Every line from the line containing "Apartmani Memic 100" through the final line of the data is to be printed exactly; no other line is to appear.

Brief descriptive captions
----

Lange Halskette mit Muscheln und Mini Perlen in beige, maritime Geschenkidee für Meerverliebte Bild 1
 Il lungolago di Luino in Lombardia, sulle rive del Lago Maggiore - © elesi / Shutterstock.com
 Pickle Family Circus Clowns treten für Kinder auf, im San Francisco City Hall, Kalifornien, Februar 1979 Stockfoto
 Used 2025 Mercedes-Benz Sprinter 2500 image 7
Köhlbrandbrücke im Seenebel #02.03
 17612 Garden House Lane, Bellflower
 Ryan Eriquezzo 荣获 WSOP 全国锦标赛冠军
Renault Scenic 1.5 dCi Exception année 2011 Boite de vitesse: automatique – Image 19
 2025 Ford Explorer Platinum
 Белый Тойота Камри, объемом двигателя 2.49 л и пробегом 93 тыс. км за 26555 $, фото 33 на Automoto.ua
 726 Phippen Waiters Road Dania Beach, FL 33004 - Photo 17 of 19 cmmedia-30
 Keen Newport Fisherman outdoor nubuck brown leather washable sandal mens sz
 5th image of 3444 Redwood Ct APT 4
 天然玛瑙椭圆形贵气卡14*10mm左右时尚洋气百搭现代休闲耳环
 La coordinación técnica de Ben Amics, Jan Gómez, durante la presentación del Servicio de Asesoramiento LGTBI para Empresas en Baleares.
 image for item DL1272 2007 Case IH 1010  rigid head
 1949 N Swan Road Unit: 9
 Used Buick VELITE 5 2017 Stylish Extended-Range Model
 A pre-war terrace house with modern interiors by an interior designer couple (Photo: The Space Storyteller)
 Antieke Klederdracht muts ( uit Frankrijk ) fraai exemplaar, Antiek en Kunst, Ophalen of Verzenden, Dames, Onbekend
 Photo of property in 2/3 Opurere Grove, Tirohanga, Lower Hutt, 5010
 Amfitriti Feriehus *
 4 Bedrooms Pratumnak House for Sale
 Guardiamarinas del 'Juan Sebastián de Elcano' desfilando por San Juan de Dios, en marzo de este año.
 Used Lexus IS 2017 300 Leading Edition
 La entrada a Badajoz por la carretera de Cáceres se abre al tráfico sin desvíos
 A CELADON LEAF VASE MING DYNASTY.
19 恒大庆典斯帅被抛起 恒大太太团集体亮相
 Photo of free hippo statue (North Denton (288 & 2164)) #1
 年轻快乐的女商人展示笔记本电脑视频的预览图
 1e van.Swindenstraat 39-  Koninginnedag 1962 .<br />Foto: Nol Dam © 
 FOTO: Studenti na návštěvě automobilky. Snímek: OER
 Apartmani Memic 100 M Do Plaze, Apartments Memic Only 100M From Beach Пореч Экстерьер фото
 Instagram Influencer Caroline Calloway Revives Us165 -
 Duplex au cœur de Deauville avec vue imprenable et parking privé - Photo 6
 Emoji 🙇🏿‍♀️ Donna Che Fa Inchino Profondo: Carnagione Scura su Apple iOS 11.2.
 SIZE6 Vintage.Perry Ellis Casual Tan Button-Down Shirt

----

» Response to the exercise
 Apartmani Memic 100 M Do Plaze, Apartments Memic Only 100M From Beach Пореч Экстерьер фото
 Instagram Influencer Caroline Calloway Revives Us165 -
 Duplex au cœur de Deauville avec vue imprenable et parking privé - Photo 6
 Emoji 🙇🏿‍♀️ Donna Che Fa Inchino Profondo: Carnagione Scura su Apple iOS 11.2.
 SIZE6 Vintage.Perry Ellis Casual Tan Button-Down Shirt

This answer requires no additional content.